Wednesday, March 27, 2013
We Deal in Dreams
To this day I don’t know what made it so real, but at the time it was more real than anything I had ever had. It wasn’t even passionate to the point of sex, at that point. It was merely me, walking through the living room door of a friend’s house, and she was sitting there on the couch. We talked, we grew close, and we hit off in a bond that was straight out of Hollywood. For all the crap that love at first sight is, in this fantasy construct of my mind it was real, and it was frightening. Only one detail revealed itself to me that night, the only detail of this woman I have ever had. Her name began with a K.

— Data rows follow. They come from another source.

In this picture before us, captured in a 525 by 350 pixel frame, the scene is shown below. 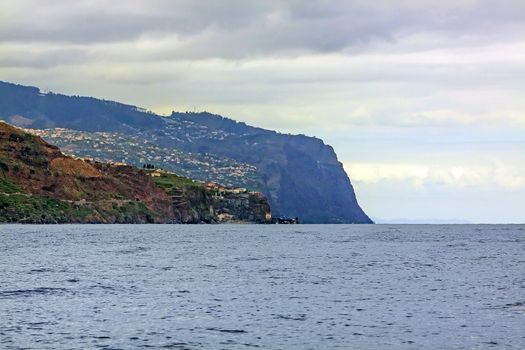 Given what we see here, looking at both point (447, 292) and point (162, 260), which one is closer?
point (447, 292)

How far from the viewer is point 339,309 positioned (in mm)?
82562

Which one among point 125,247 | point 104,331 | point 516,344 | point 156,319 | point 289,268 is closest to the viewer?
point 516,344

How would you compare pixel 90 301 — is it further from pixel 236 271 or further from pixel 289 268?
pixel 289 268

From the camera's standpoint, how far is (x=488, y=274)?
427 feet

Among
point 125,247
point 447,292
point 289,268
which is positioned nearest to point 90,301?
point 447,292

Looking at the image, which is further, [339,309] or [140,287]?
[140,287]

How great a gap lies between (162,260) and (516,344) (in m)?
101

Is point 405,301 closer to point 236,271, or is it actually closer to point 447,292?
point 447,292

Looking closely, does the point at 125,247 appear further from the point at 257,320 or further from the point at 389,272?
the point at 257,320

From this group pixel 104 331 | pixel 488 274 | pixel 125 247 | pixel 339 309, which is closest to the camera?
pixel 104 331

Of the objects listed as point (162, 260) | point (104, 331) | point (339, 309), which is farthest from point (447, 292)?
point (162, 260)

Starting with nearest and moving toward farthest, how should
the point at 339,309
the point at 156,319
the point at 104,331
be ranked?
the point at 104,331
the point at 156,319
the point at 339,309

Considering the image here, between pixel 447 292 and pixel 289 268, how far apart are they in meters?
43.3

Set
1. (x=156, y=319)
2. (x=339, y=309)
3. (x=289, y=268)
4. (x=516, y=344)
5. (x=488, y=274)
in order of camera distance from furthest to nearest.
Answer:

Tiffany did not last for a week after that first dream, and she was merely the first in a long line of failure that would plague my life from that point on. K would make many, many more appearances, however, as my safety net in troubled times. Her unpredictability was maddening. There were nights, such as the night of my high school graduation, when I was so distraught over saying goodbye to Tristan that I begged for her to visit me. Instead, the tangent that evening was about a boat. The night I lost my grandmother it was about me wandering the countryside with a monkey, a la Jay and Silent Bob. Even how to find cheap ambien online couldn't get me a good night's sleep. If you click here, you can try. http://buyingambienonline.com
But the dealer would continue to give me this woman, K, on a semi-regular basis. It was certainly nothing that I could set my watch to. She was my constant companion, dropping into my life to say hi and to ask how I was doing but never staying long enough to show she truly cared. I, however, became enraptured with her. There was even a time where I would do anything just to have her to myself, but I didn’t know what to do.